しかし、そもそも所得水準やニーズや社会インフラが全く異なる新興国では、当然、その多くが簡単には受け入れられるものではない。その市場の攻略の為に、白紙の状態からイノベーションを始める必要性があるとすら言われている。もしもグローバル企業が新興国市場を無視した場合、のちに途上国を本拠とする新世代の新たなグローバル企業にこの市場で力をつけられ、その後にはグローバル企業の本拠地である先進国で痛い目に合うことになることも予想されている(このことはGEの会長も同様の懸念を示している)。

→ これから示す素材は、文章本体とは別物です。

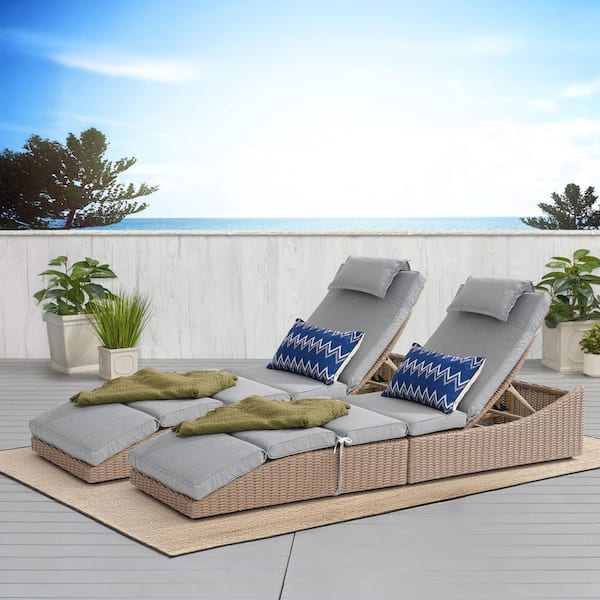 Freestyle 2 Pieces Natural Wicker Outdoor Folding Adjustable Lounge Chairs with Grey Cushion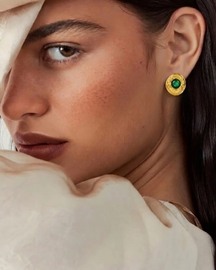 Green Onyx Medallion Studs in 92.5 Sterling Silver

例えば、日本の三洋電機をはじめ多くの事業を買収したハイアール社も、最初は中国から始まり、ここまで力をつけてきた。また、日本からだと見えにくいが、中国などではLenovoなどの企業に続き、スマートフォンの分野でも「Xiaomi」や「OPPO」という企業が既に出てきている。これらの企業の製品は、ハイアールの製品同様、コストパフォーマンスの良いとされるスマートフォンである。つまり、リバースイノベーションは、付加的なものではなく、必然的なものと言える。

 

3 新興国

 

かつて、新興国は生産基地であり、決して魅力的な市場ではなかった。しかしながら、現在の新興国市場は所得水準の向上や人口の増加に伴い、消費市場としての魅力を増している。先進国市場とは異なる独特な消費市場が存在するため、「今までの常識とは異なるイノベーション」が必然的なものとなっていることがわかる。だからこそ、先進国企業には発想と行動の大幅な転換が求められている。

1960年代には新興国側にあった日本企業は、グローバル化する社会において先進国市場を圧倒し、成功してきたという経験がある。しかしながら、現在の日本企業は、かつて世界で成功したという絶対的な自信に基づき、かつての方法の延長線上に存在しているといっても過言ではない。それに加え、ほとんどの企業はバブル崩壊の影響もあり、挑戦ではなく、失敗をしないことを重視するという考え方になってしまった。反対に、新興国市場では不確実性が高いため、試行錯誤を繰り返し、失敗しながらのアプローチが必然的なものとなる。それゆえ、新興国に行っても、サムスンやハイアールなどの広告しか見ることが出来ず、シャープやパナソニックの製品が消えてしまったのかもしれない。失敗を恐れるのではなく、失敗してもすぐに状況を立て直すことこそ、新興国では必要となる。このリバースイノベーションはかつての戦後の日本企業の発展のプロセスと似ている。つまり、かつての日本企業が最も得意とすることであったと考えられる。

 

4 超低価格と中品質

 

パソコン・周辺機器メーカーのロジテックは中国市場向けに19.99ドルという手ごろな価格のマウスを発売し、その後、それを欧米でも販売した。スマートフォン業界やパソコン業界などの日系企業に見えるような、日本人向けにフォーカスし、かつ、無理に超高品質化したものが世界で売れるわけがない。また、日本だけではなく他国の場合でも同様のことが起こっている。例えば、携帯電話のカナダのブラックベリー社も赤字に陥っている。これらの共通点としては、超低価格と中品質というグローバル戦略を理解せず、自国の基準に合わせ(もしくは、絶対的にそれが正しいと思い込み)戦った結果だと言える。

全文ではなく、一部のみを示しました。